Keeping your pet calm when visiting the vets

A visit to the vets can often be an ordeal. It starts with a friendly and relaxing trip in the car, your pet is thinking they are just going for a lovely ride in the car and maybe a longer walk. But really, they're in for a trip to the vets. Now while we know the vets are lovely and that they really just want to help your pet, we can see why a pet may get a bit nervous when faced with a human they don't know, who wants to prod and poke them.

While their nervousness is understandable, it's not always helpful or fun trying to keep a scared pet calm while they're being treated. It can be stressful for you, the owner, for the pet and indeed for the vet who's at risk of getting scratched or bitten if worst comes to worst. To help with this problem, we've outlined how you can help your cat, rabbit and dog stay calm when visiting the vets.


  • Getting your cat used to car journeys or journeys in a crate in the important first step to keeping them calm.

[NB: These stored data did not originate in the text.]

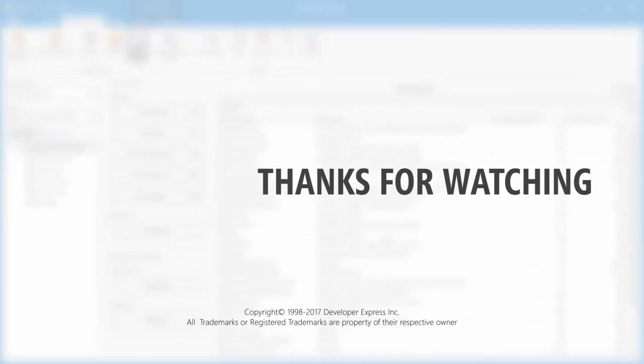And that's it for this video. To learn more about our dashboards, make sure to check out the documentation on our website. Or, watch any of our other videos from our dashboards playlist. You can also subscribe to our channel to get the latest videos and updates. Thanks for watching and thank you for choosing DevExpress.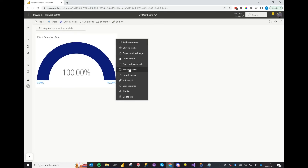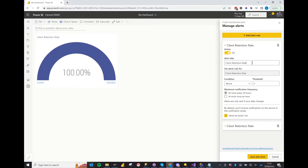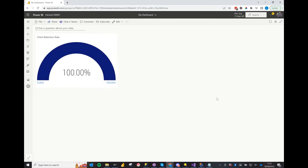Let's take a quick look at setting up an alert. You can set the alert to inactive for as and when you don't need it. Set the condition — I've gone for 'below' — and the threshold of 85. Select how often you want the alert. Next, select 'Send me email' or not, and save and close — and that's it, your report is set up.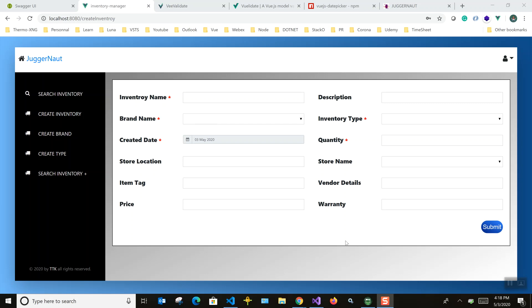Hi friends, I'm going to talk about a simple form submission today. This is my form, created using HTML, CSS, and this application is built using Vue.js and TypeScript. To submit something we need a backend API, so we're going to submit all these details to a MySQL server database.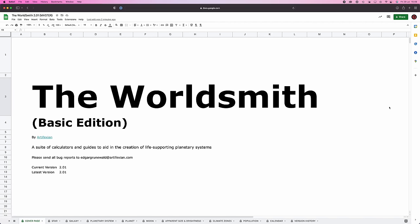Good morning, Interweb. Worldbuilder's Log 4. So today we are supposed to start work on our habitable planet, but I'd like to take just another quick detour and just polish up some of the stuff we were doing in the previous episodes.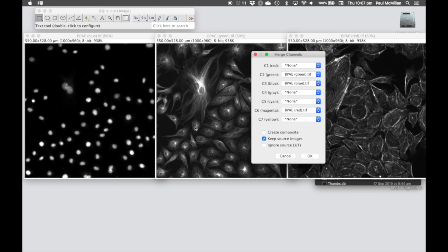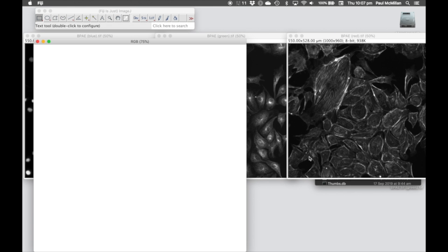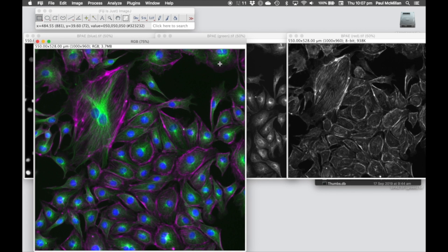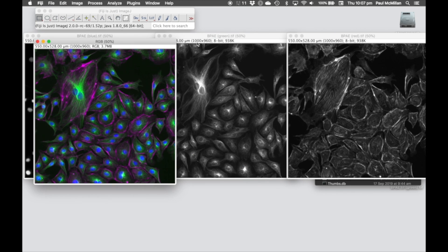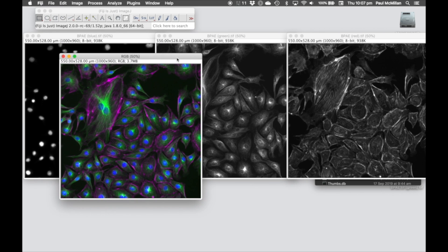You can keep the source images just in case you feel like you're going to mess up. If you hit OK, we now have that blue, green, magenta image that we had previously. It's already an RGB file, so we don't need to infer that.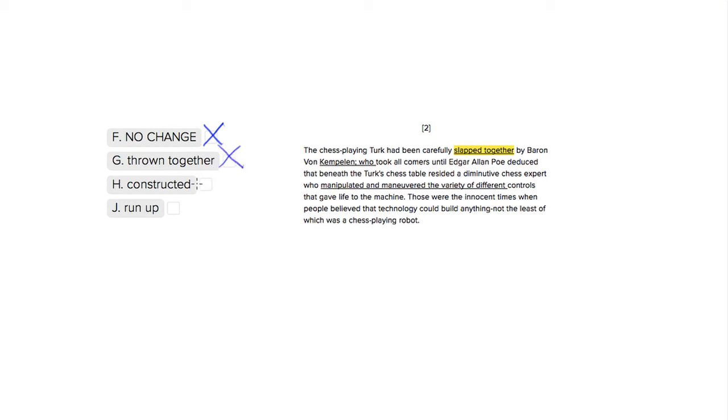Choice three, 'constructed.' Perfect. Simple verb, and it tells us that the robot was built by this guy, and it doesn't sound silly.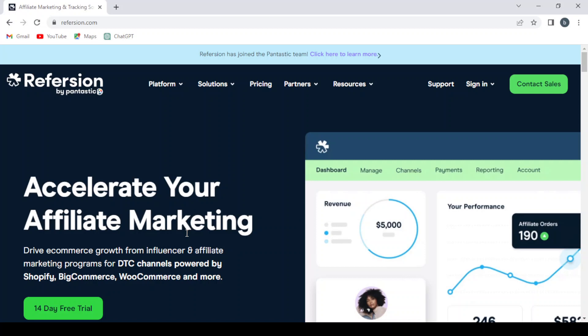How to make money with Refersion.com. Hey guys, welcome to this new video. In today's video we're going to introduce you to Refersion.com, which is an affiliate marketing platform that helps businesses create, manage, and track their referral programs.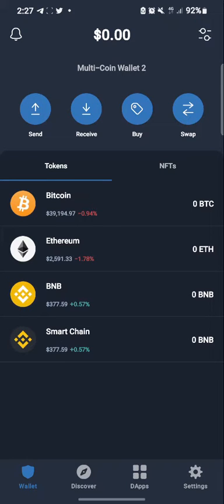I want to show how we get our TomoChain address and our Polygon MATIC address on Trust Wallet. So if you are going to join a particular drop and you have to submit a TomoChain address, how do you do that? There are several ways, but let me demonstrate one way.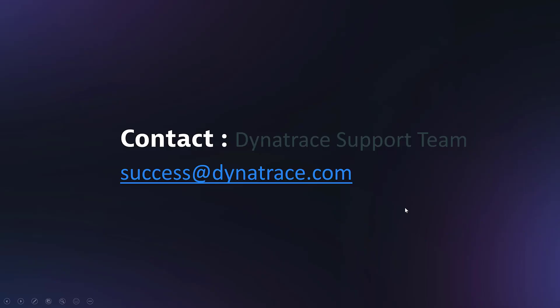I hope you enjoyed the presentation and demo of the Dynatrace ServiceNow integration. If you have any more questions, feel free to contact me or the Dynatrace support team at success at Dynatrace.com. Thank you and have a great day.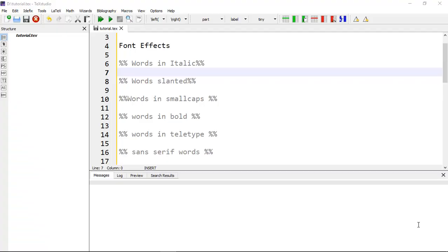Hello, welcome to the LaTeX learning series. In the last video I introduced you to lists and symbols. In this video I am going to show you typesetting text, which includes fonts, effects, and font sizes. When writing your document you may need different font effects for different formats, as well as different font sizes.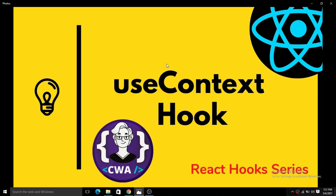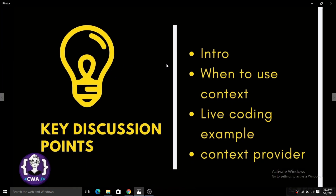useContext is another basic hook, like useState and useEffect, and it is very important if you want to build a large application. In this video, we will first discuss the key points: how and when to use context, and why to use context. Then we will learn through a live coding example, and we will also discuss how to use context in a class component, where we will learn the context provider.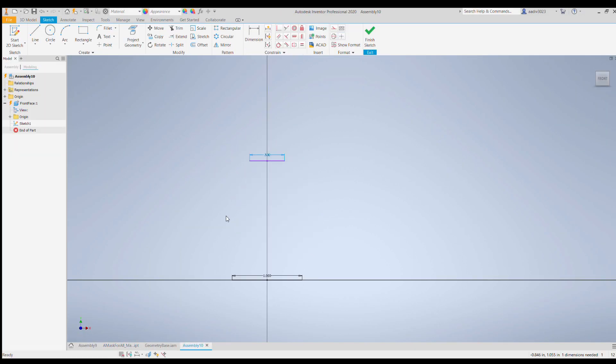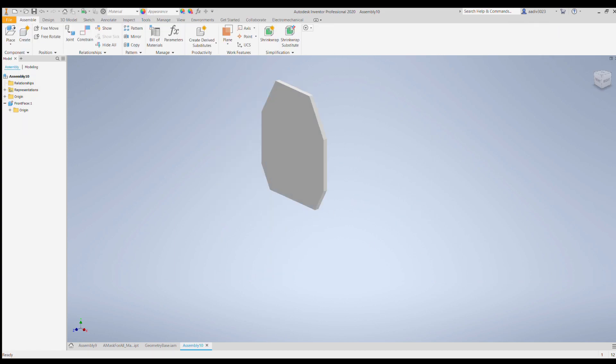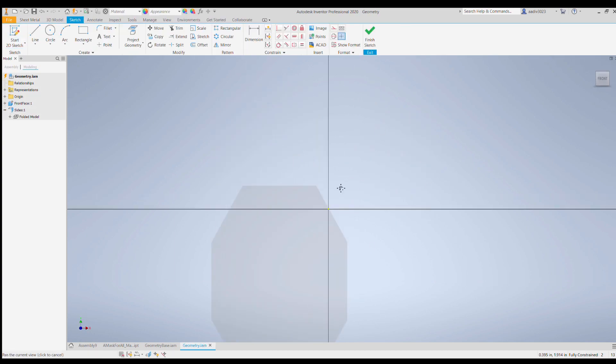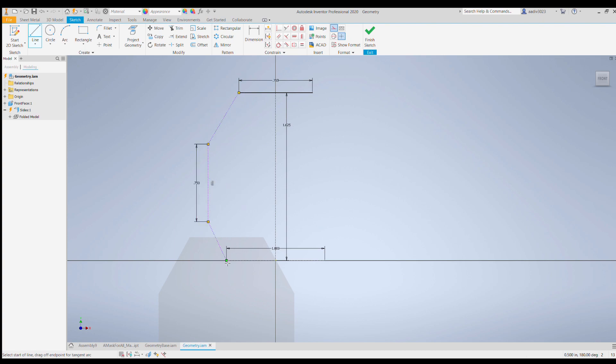Alright, update on the geometry. The last iteration was really blocky and geometric, so now I'm kind of redesigning the geometry to better resemble a mask for all's design.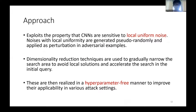Here is our approach. We exploit the properties that CNNs are sensitive to local uniform noise. Noises with local uniformity are generated, sampled randomly, and applied as perturbation in our initial trial. Additionally, reduction techniques are used to gradually narrow the search area to avoid local solutions and accelerate the search in the initial phase. These are then realized in a hyperparameter-free manner to improve their applicability in various attack settings.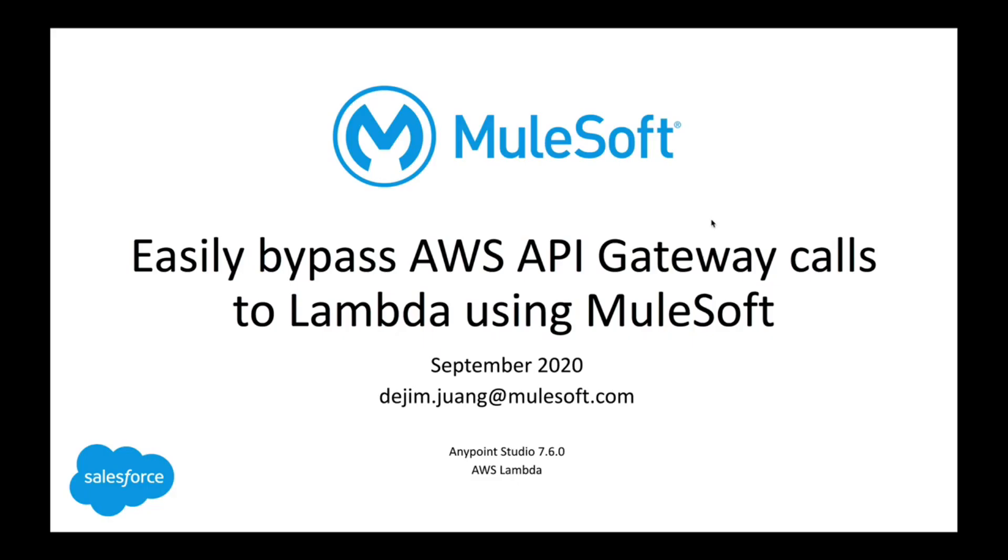Hey everyone, welcome back. In today's video I'm going to be talking about Amazon's Lambda service. If you're not familiar with Lambda, it's a capability that Amazon provides that lets you run code in a variety of different languages - Python, Java, JavaScript - without provisioning or managing servers. You only pay for the compute time that you consume.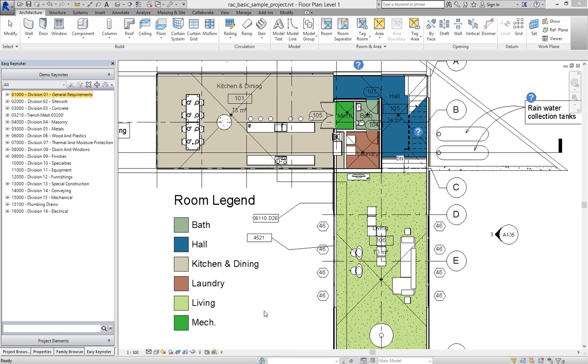Welcome. In this video I'm going to show you how easy it is to add new keynotes to the Easy Keynoter Palette.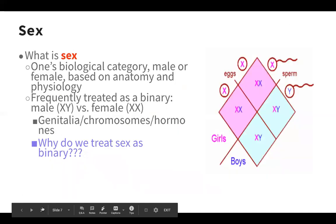Let's start with sex — the one people often think is most straightforward. It's a biological category based on anatomy and physiology, and we frequently treat it as a binary: you are male or female. We break those biological markers down around three types: genitalia, chromosomes (XX and XY), and hormones. Although human bodies all have the same hormones, they have them in differing amounts, and we associate testosterone with males and estrogen with females, treating it like a binary.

Choosing the right sized, comfortable crate for your cat helps tons. Getting the crate to be a positive instead of a negative helps get the trip to the vets off to a good start.
  • In the car or walking, try to maintain this positivity for your cat, keep the crate stable and not bouncing all over the place. Secure the crate in the car or keep it steady the whole walk. A visit to the vets after the journey from hell will never end well so making sure your cat is comfortable on the way can help loads when actually at the vets.
  • When actually in the vet waiting room, again, keep the crate stable and flat. Preferably in a raised position, so not on the floor, and away from any aggravations like barking dogs. If the waiting room is too packed, there's nothing wrong with waiting outside. Scheduling appointments during non-peak hours can be a lifesaver for this one!
  • In the actual examination room, letting your naturally curious cat explore always helps. Let them walk out of the crate on their own without being dragged out.
  • Bringing treats to reward your cat with good behaviour
    is a great way to show the behaviour you wish to encourage and will help calm your cat.
  • Above all, stay calm, if you get panicked, so will your cat.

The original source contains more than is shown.